Ce jeudi 20 mars, plus de 300 millions d’habitants de la planète ayant le français en partage célèbrent la Journée internationale de la Francophonie. Pour les Djiboutiens, qui en font partie, cela offre l’occasion d’une réflexion sur la place de Djibouti au sein de cette vaste communauté linguistique et culturelle. Plus qu’une simple adhésion symbolique, la présence de Djibouti dans la Francophonie s’inscrit dans une trajectoire historique et géopolitique singulière, qui mérite d’être analysée avec lucidité.

Ancien territoire colonisé par la France, Djibouti a conservé le français comme l’une de ses langues officielles, aux côtés de l’arabe, après son accession à l’Indépendance en 1977.

Ce bilinguisme institutionnel, marque de l’identité nationale djiboutienne, témoigne d’un héritage complexe où la langue de Molière continue d’être un vecteur essentiel de l’administration et des affaires. Mais la Francophonie ne saurait se réduire à un simple legs colonial : elle représente un espace de coopération économique et d’influence diplomatique dont Djibouti a su tirer parti jusque-là.

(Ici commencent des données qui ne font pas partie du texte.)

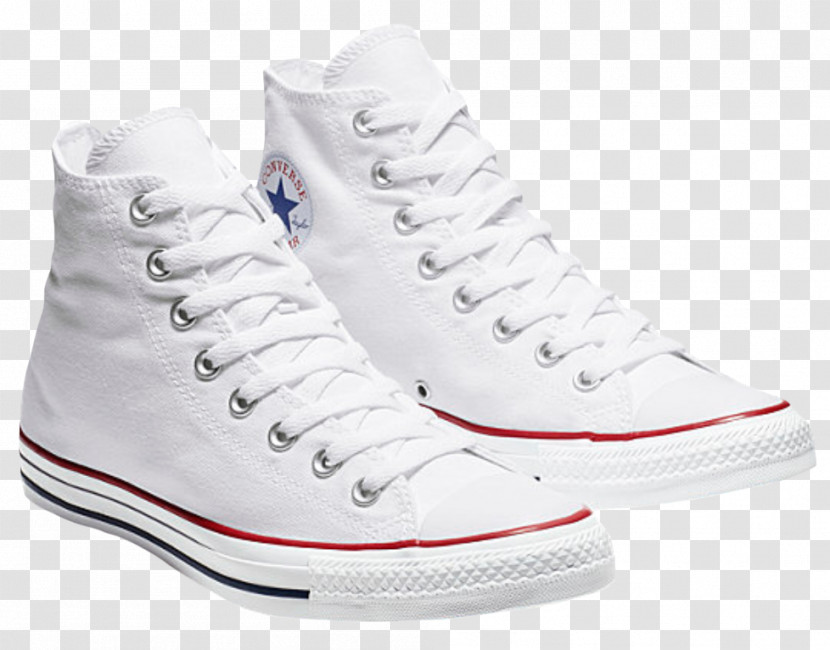 Shoe Footwear White Sneakers Walking Shoe Transparent PNG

Situé au croisement de l’Afrique, du Moyen-Orient et de l’Asie, Djibouti occupe une position névralgique dans la géopolitique régionale. Sa participation active au sein de l’Organisation internationale de la Francophonie (OIF) lui permet d’élargir son champ diplomatique bien au-delà de son environnement immédiat. En tant que porte d’entrée de la Corne et d’une partie de l’Est de l’Afrique, notre pays joue un rôle clé dans les processus de médiation régionale et de développement. La Francophonie lui offre ainsi un cadre où il peut faire entendre sa voix sur les grandes questions internationales.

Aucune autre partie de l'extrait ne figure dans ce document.